### [PROMPT]
In the records below, find the line with "A quebra do" and repeat exactly every line from it through the line with "iTea Expert Damen". Pictures stay out.

### [Crawled caption data]
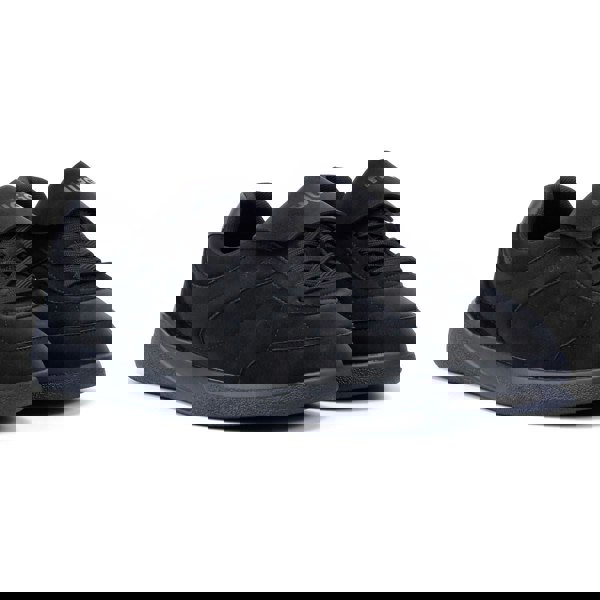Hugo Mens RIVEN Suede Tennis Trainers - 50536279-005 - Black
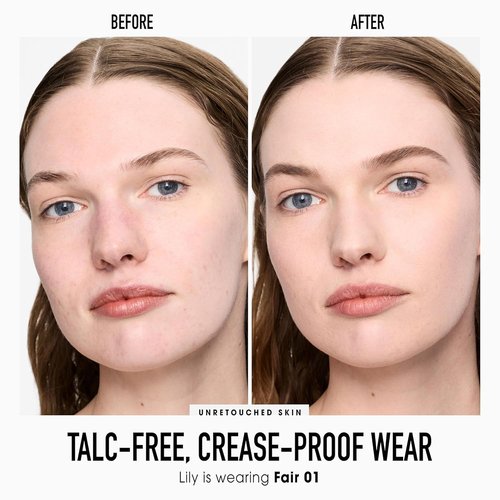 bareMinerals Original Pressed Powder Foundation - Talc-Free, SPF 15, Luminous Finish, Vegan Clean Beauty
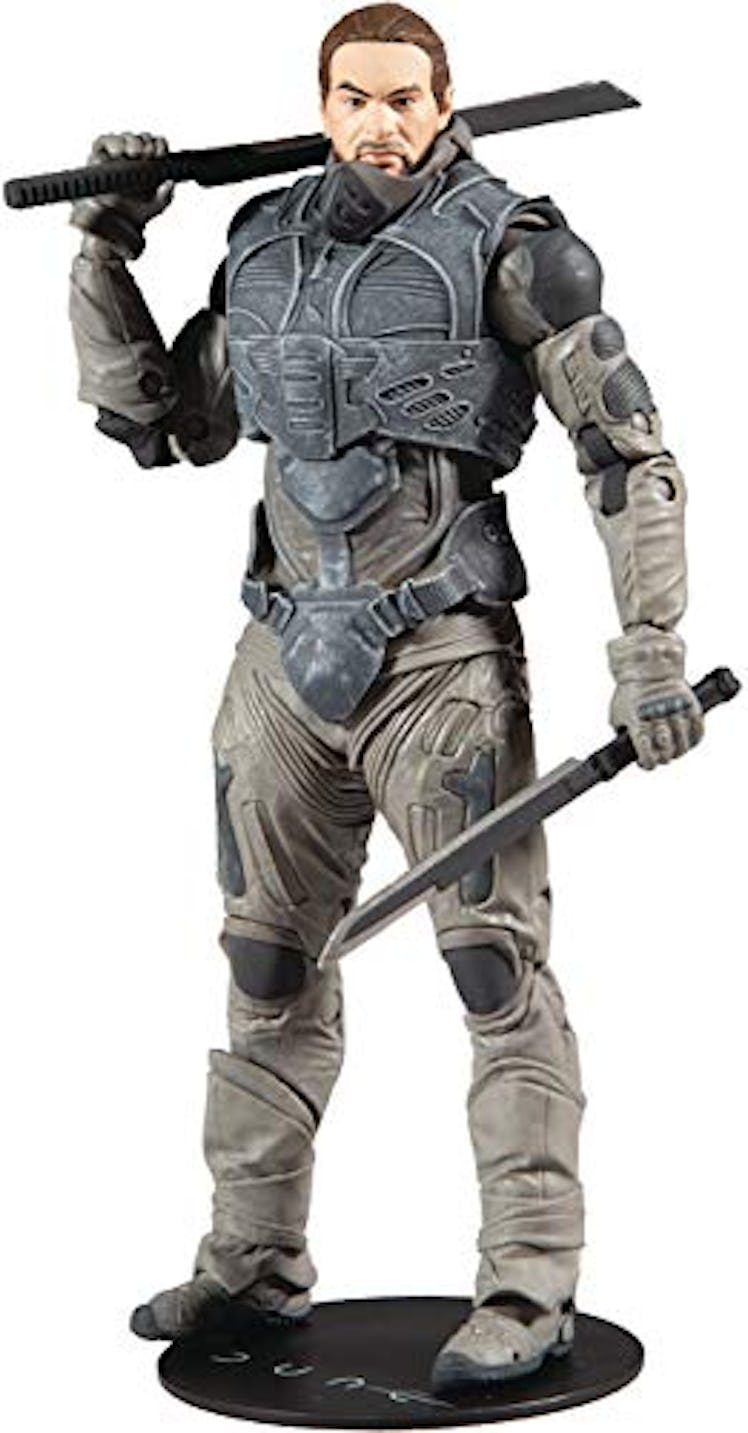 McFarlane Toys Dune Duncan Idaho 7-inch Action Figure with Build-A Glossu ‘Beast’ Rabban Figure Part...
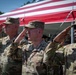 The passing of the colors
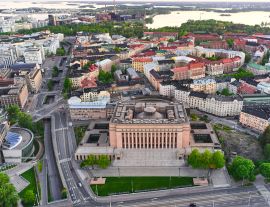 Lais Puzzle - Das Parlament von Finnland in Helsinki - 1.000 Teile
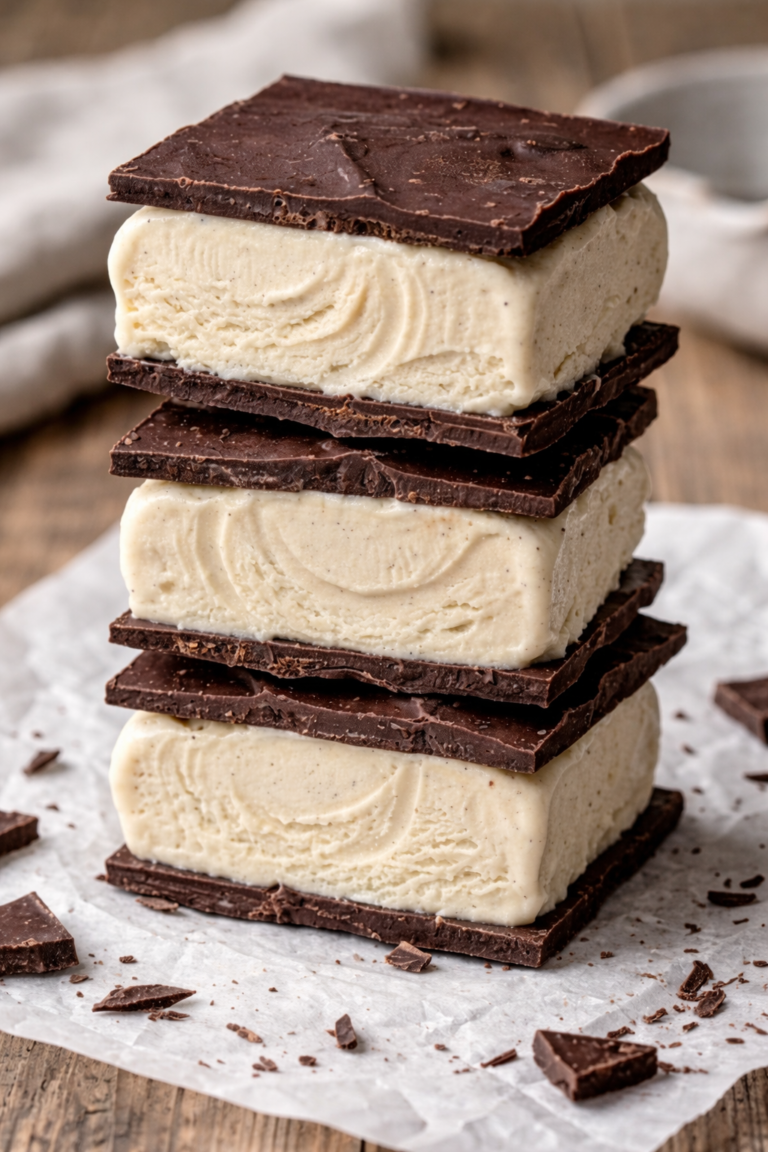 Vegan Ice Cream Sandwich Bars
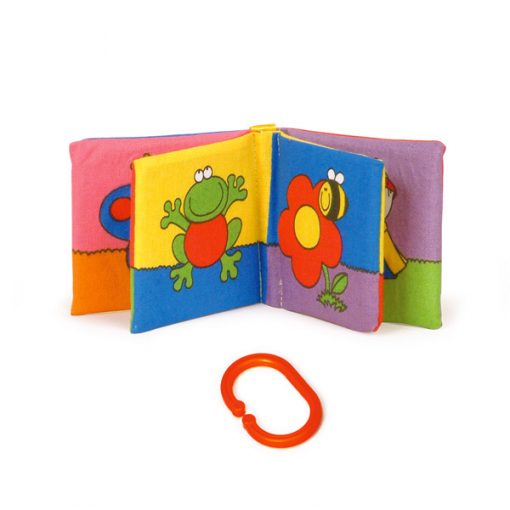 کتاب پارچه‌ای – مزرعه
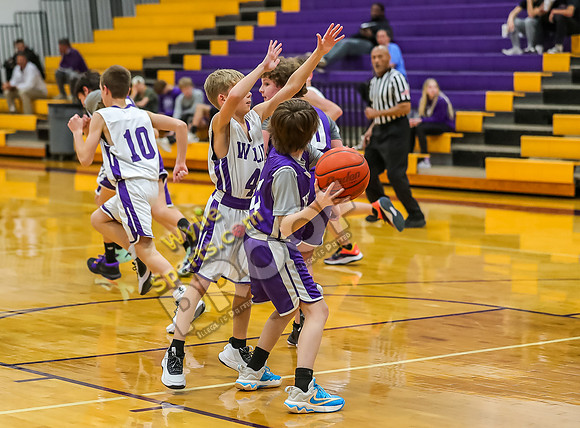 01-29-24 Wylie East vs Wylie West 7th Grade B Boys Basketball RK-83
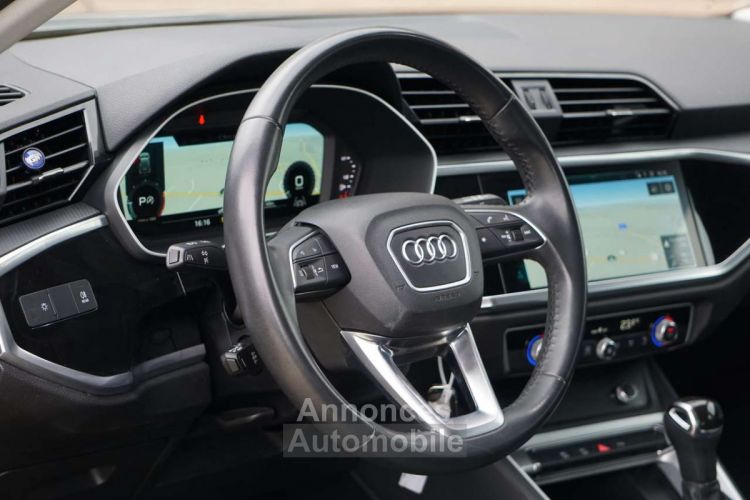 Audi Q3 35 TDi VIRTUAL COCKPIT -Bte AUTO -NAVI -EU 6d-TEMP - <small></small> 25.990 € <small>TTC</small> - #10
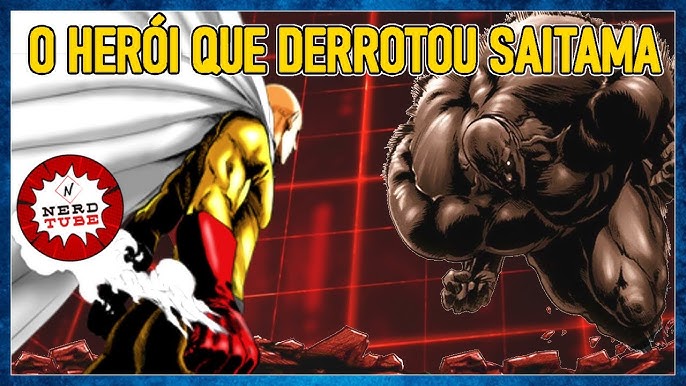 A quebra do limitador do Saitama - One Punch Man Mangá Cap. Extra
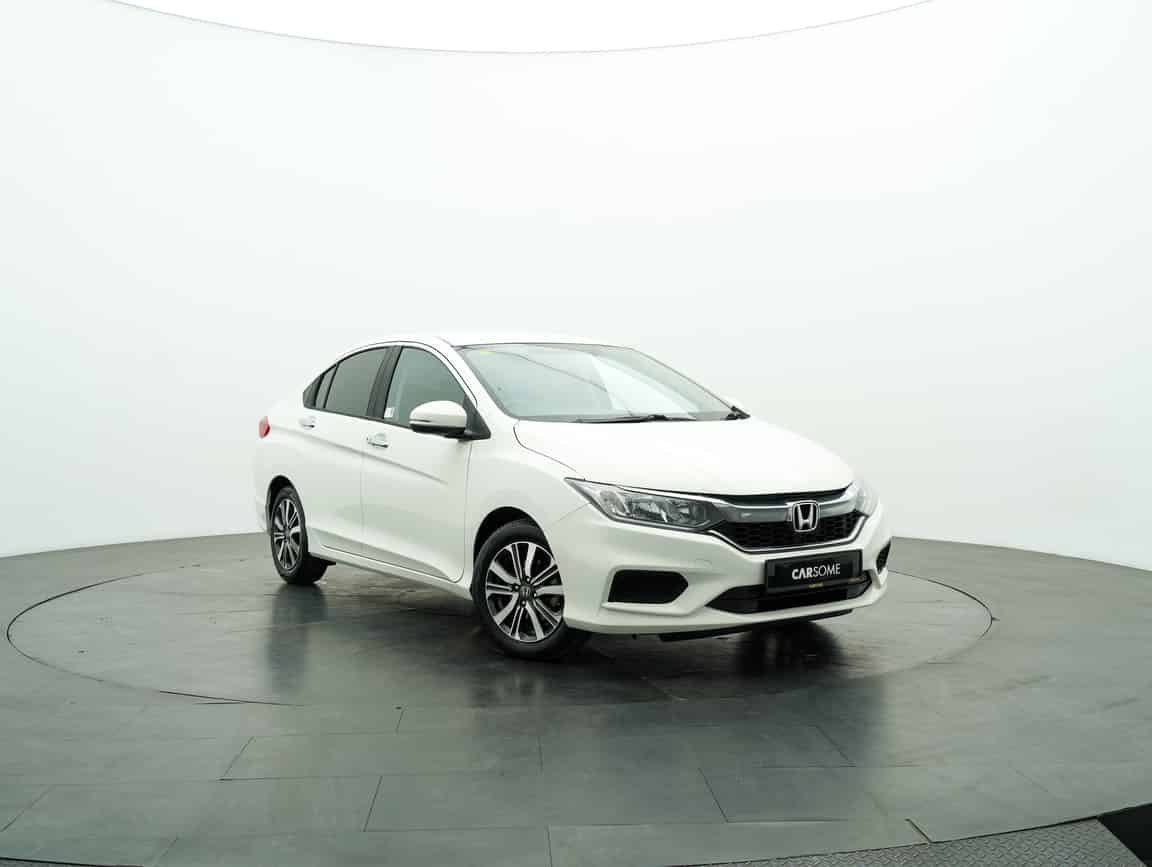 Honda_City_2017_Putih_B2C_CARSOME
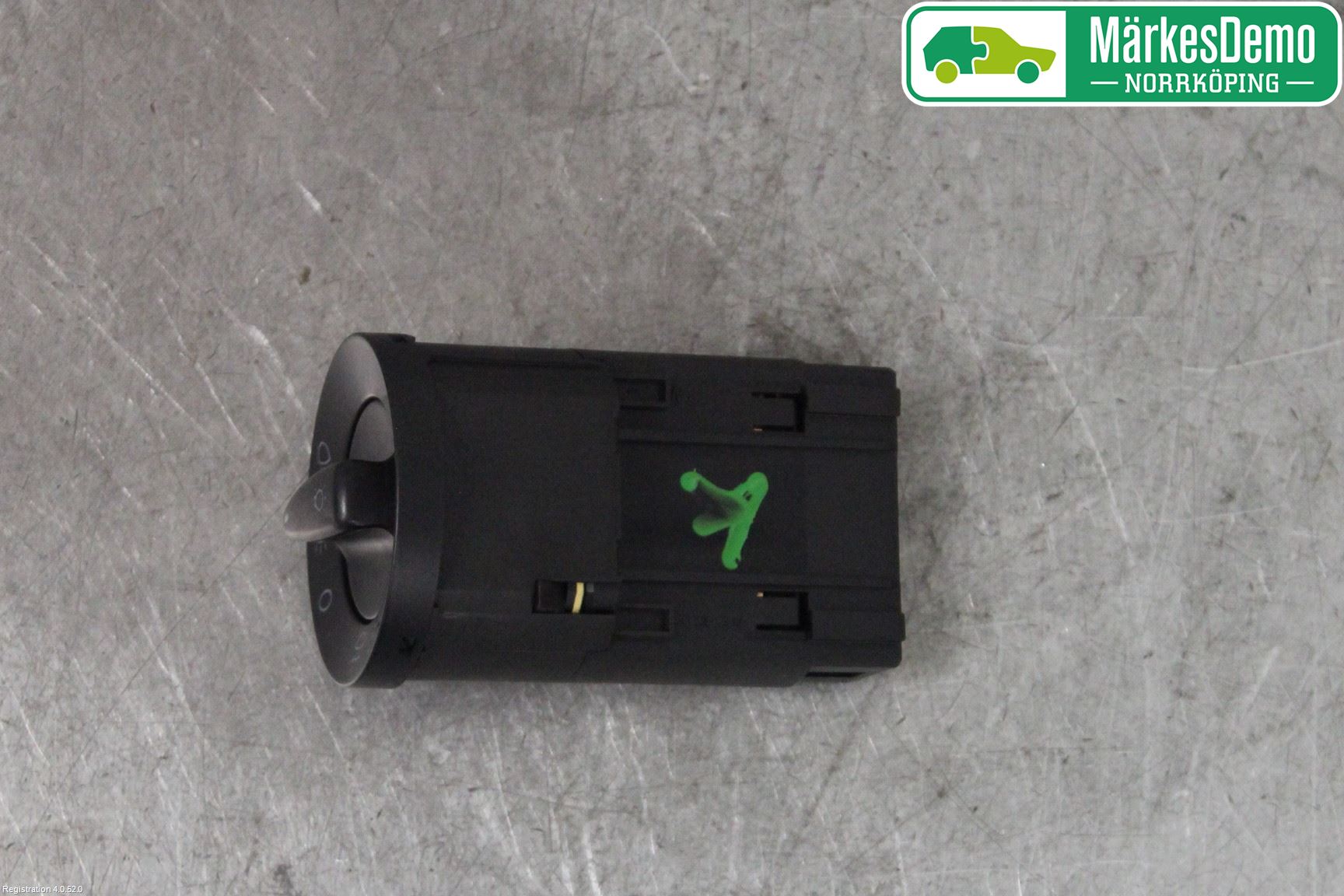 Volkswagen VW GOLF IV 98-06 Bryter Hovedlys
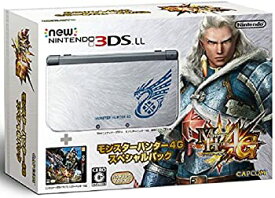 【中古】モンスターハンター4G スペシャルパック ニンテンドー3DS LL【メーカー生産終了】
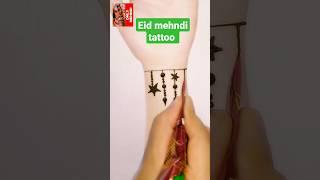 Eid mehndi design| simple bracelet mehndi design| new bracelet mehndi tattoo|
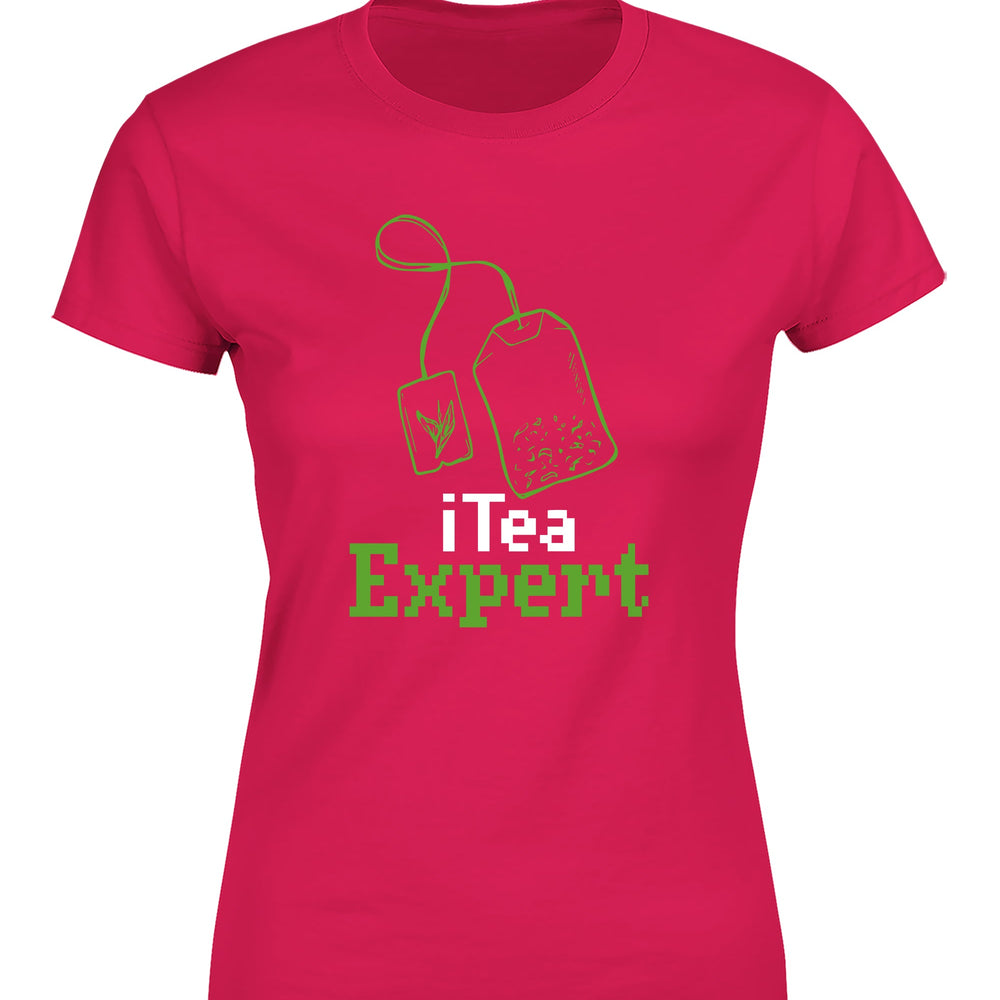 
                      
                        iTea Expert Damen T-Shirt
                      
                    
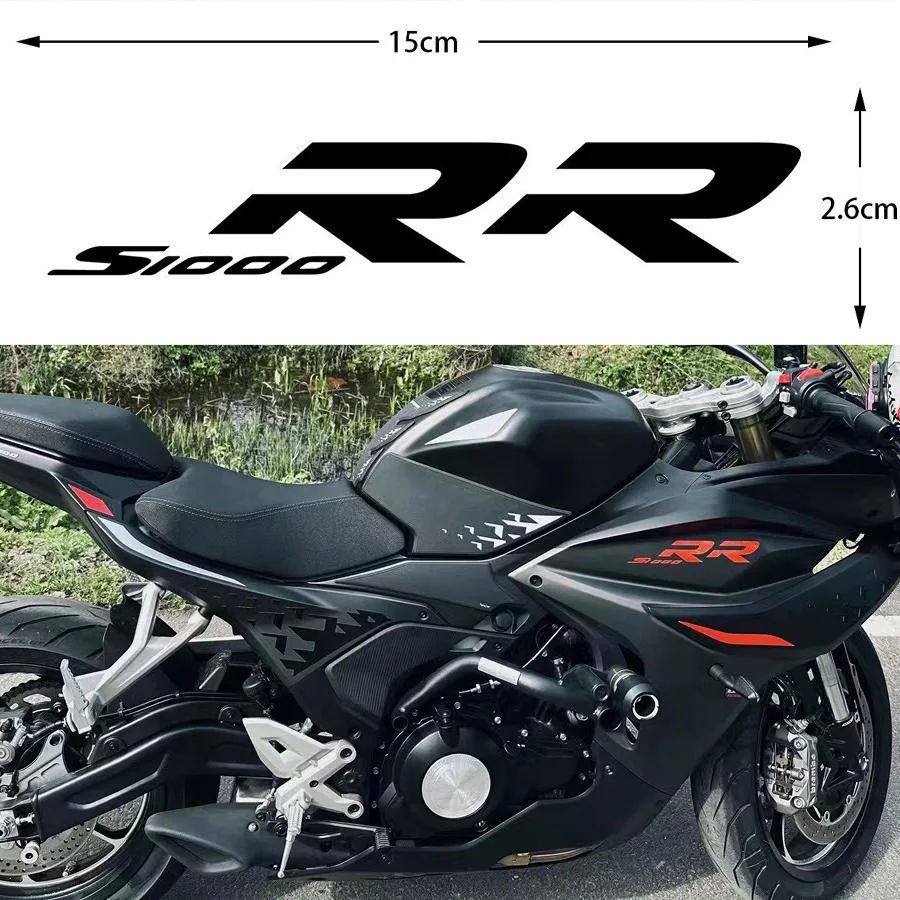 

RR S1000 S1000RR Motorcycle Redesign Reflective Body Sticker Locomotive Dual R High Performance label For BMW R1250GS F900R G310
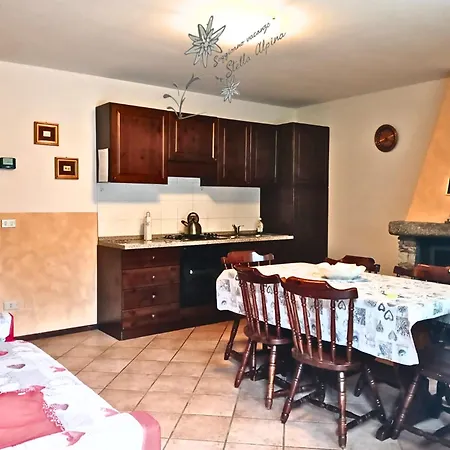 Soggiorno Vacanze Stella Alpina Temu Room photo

### [TASK RESULT]
 A quebra do limitador do Saitama - One Punch Man Mangá Cap. Extra
 Honda_City_2017_Putih_B2C_CARSOME
 Volkswagen VW GOLF IV 98-06 Bryter Hovedlys
 【中古】モンスターハンター4G スペシャルパック ニンテンドー3DS LL【メーカー生産終了】
 Eid mehndi design| simple bracelet mehndi design| new bracelet mehndi tattoo|
                      
                        iTea Expert Damen T-Shirt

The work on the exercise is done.